The Story
Why it exists.
The beginning
In 2018, Creed and Neiman Marcus marked a milestone: the Dallas retailer celebrated the year it opened its first Dallas shop. Olivier Creed composed Floralie as a limited run, exactly 1,907 bottles, to honor that history. The number was specific. Scarcity rendered in scent. Floralie: named for the study of flowers, a focus on bloom. This was a fragrance meant to arrive, show its colors, and make its case through sheer abundance. It opens with cool, dewy florals that feel immediate yet soft, then deepens into a richer floral heart where tuberose and marigold add body and a green, herbaceous lift. The drydown brings clean cedar and warm amber, creating an intimate, lingering presence that stays close to the skin.

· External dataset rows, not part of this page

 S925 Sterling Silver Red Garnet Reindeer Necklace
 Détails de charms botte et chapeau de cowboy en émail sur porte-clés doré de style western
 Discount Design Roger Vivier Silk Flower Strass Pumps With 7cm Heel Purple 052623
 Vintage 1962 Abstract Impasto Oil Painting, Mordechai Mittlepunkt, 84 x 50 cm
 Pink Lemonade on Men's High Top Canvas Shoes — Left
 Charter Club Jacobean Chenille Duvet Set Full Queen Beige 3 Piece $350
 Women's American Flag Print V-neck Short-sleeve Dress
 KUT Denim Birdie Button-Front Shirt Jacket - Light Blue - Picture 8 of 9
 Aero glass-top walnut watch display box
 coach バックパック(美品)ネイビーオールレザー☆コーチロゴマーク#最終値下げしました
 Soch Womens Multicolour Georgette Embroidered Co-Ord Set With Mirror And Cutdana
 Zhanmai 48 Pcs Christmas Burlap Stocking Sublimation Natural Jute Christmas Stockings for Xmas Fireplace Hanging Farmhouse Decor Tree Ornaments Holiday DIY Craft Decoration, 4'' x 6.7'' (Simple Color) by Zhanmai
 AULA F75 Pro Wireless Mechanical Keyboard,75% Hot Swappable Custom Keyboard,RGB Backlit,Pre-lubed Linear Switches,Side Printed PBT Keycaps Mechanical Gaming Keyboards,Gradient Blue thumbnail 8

What makes Floralie stand apart is the balance, not the balance of competing notes, but the balance between freshness and richness. White florals often swing one direction or another: either they're aldehydic and soapy, or they're thick and indolic. Floralie threads the needle. The marigold in the top does something unusual, it brings a green, almost earthy counter to the tuberose's creaminess without ever reading as sharp or medicinal. That green thread persists into the drydown, carried by cedar. The result is a fragrance that smells neither like a summer garden nor a winter bouquet.
The evolution
The first minutes are lilac-dominant. Cool, slightly dewy, with a softness that doesn't announce itself. Then the tuberose broadens. Marigold's green edge joins it, an herbaceous lift that prevents the white florals from becoming too heavy too fast. As the composition develops, lily of the valley appears. Delicate, sweet, almost translucent. Cedar and amber are building underneath, adding structure without weight. The composition hasn't exploded into richness, it's layered, each phase arriving without displacing what came before. The drydown is where the cedar earns its place. Not sharp, not smoky, a clean wood that meets the musk rose. The amber persists as warmth, but it's close to the skin now. This is the phase where Floralie becomes intimate. Not a statement. A memory of something you almost caught. On fabric, expect a quiet trail. On skin, closer still.
Cultural impact
Floralie exists in a specific moment: the 2018 limited edition for Neiman Marcus, celebrating a long retail partnership. The fragrance arrived to honor the occasion. The 1,907 bottles were never meant to be everywhere. That scarcity is part of the point. In the Creed catalog, it sits apart: softer, more intimate, with a floral character that emphasizes lilac, tuberose, and marigold, balanced by clean cedar and warm amber. It offers a quiet presence rather than a commanding one, staying close to the skin and revealing itself gradually.